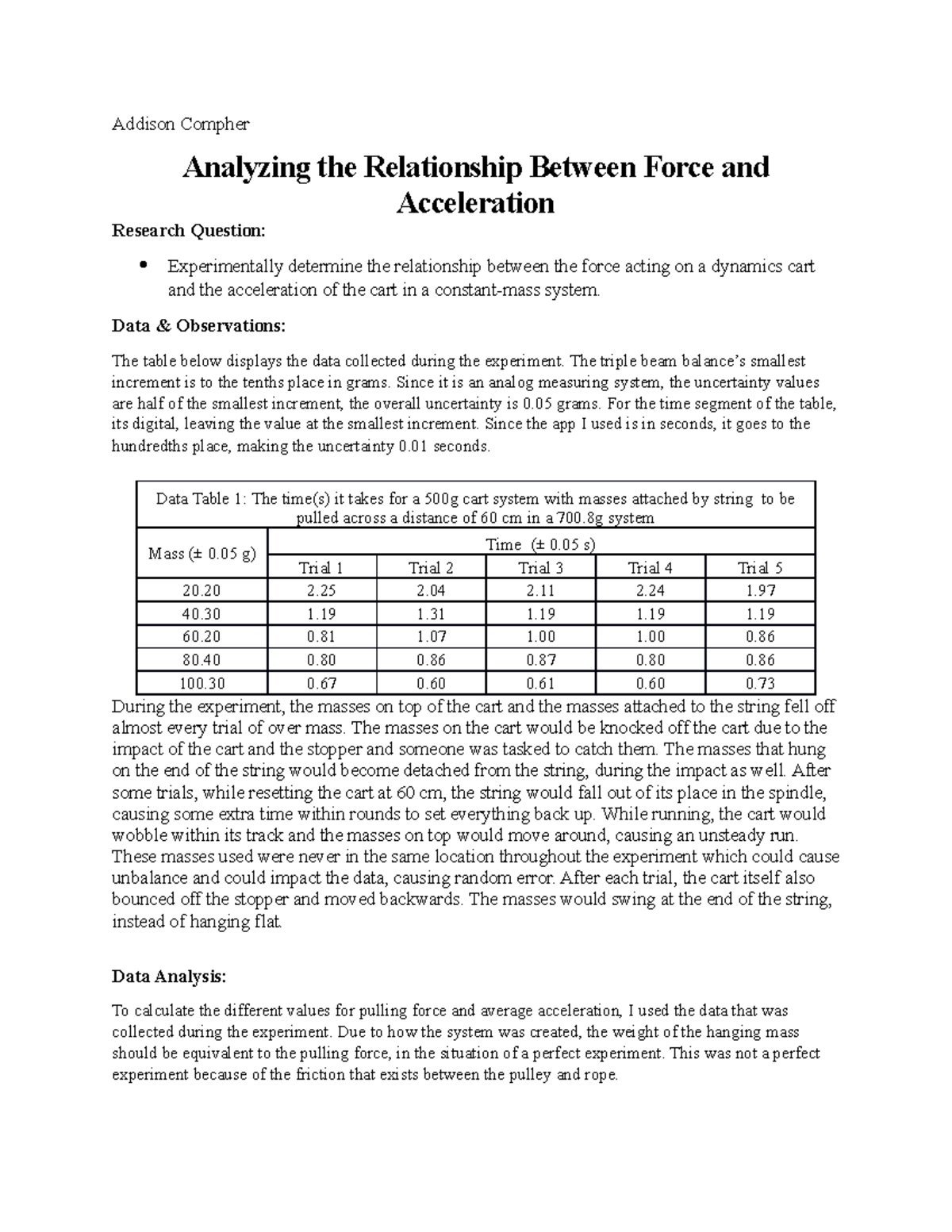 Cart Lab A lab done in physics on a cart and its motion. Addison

==

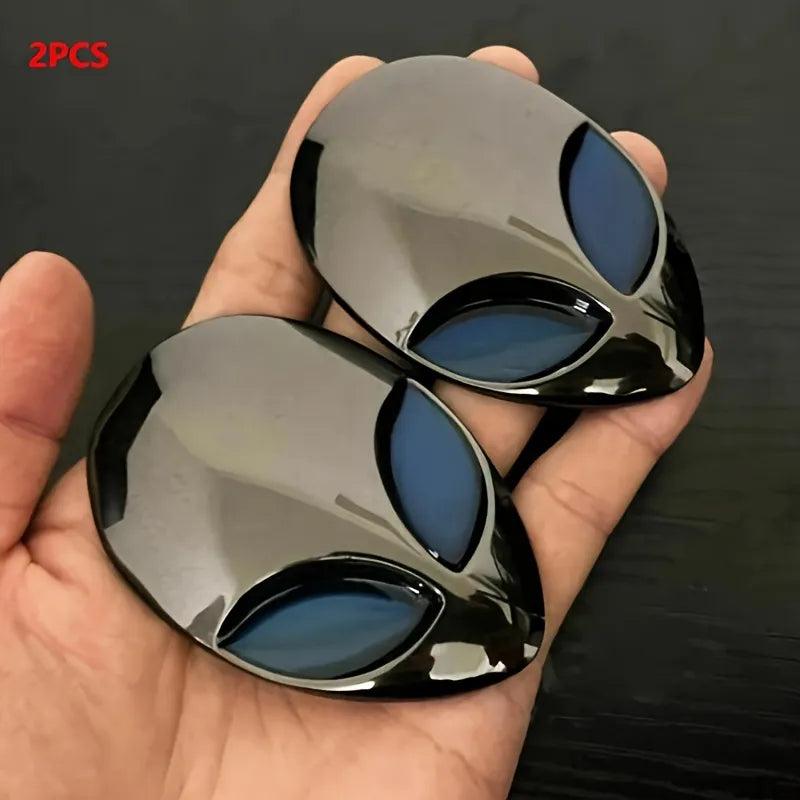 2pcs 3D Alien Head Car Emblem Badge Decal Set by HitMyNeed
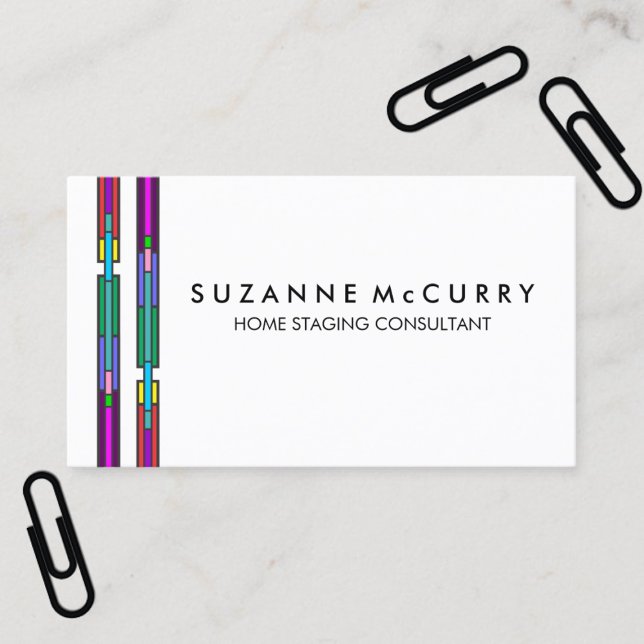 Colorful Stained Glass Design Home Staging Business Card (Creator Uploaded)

## YOUR GOAL
Starting at the line above that holds "2pcs 3D Alien", return each line up to and including the one that holds "Colorful Stained Glass", exactly as written, minus any pictures.

## RESPONSE BELOW
 2pcs 3D Alien Head Car Emblem Badge Decal Set by HitMyNeed
 Colorful Stained Glass Design Home Staging Business Card (Creator Uploaded)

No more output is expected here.